Instructions for the task: Without the images, print every line of the material below exactly as given.

[Opening Data records section]

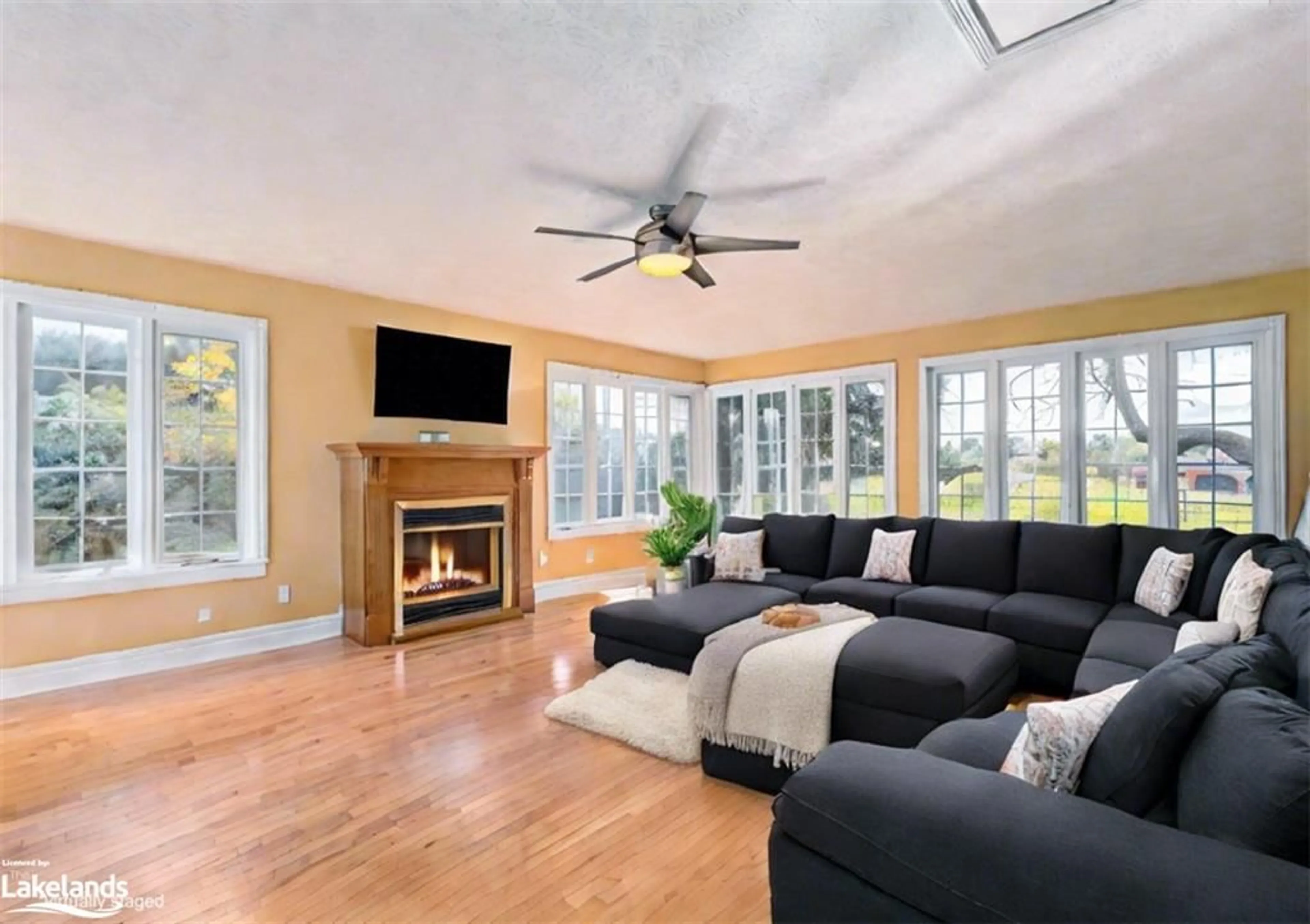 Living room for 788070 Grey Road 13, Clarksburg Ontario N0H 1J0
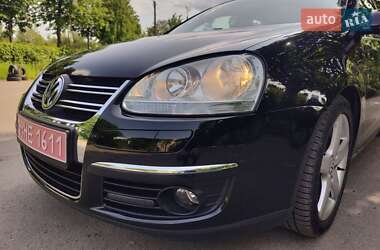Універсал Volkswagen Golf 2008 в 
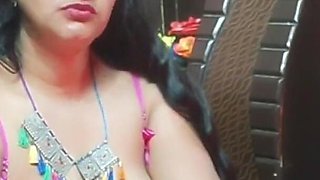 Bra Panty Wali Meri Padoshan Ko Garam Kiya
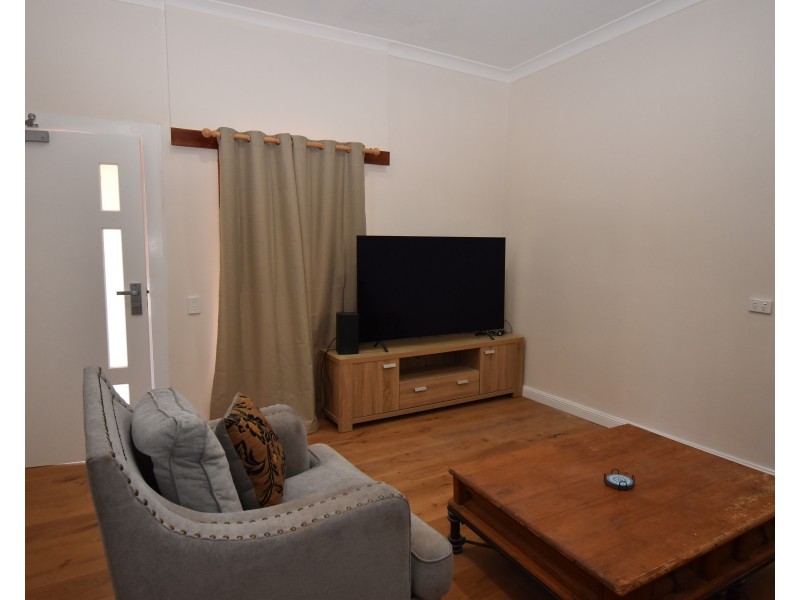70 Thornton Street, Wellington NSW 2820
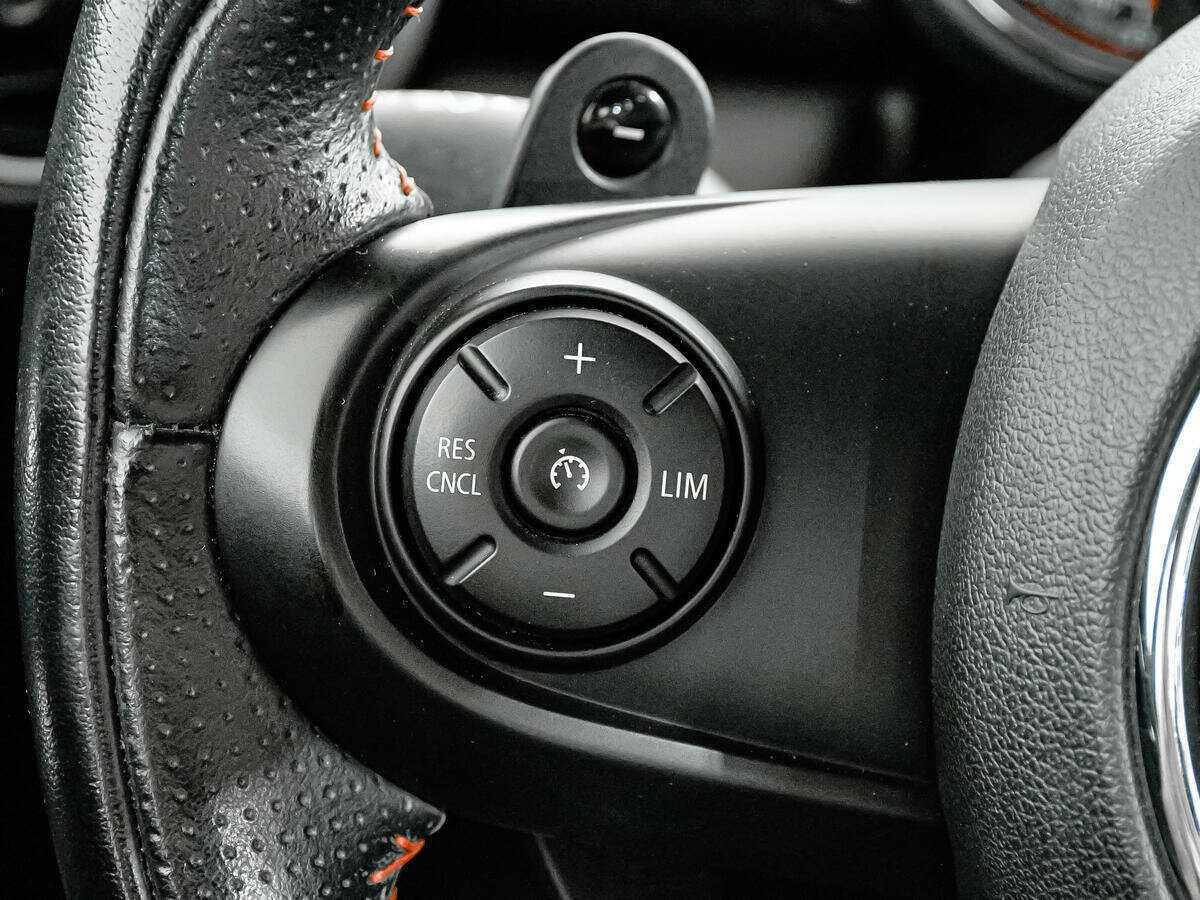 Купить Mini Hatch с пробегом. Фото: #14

[Closing Data records section]

Solution to the exercise:
 Living room for 788070 Grey Road 13, Clarksburg Ontario N0H 1J0
Універсал Volkswagen Golf 2008 в 
 Bra Panty Wali Meri Padoshan Ko Garam Kiya
70 Thornton Street, Wellington NSW 2820
 Купить Mini Hatch с пробегом. Фото: #14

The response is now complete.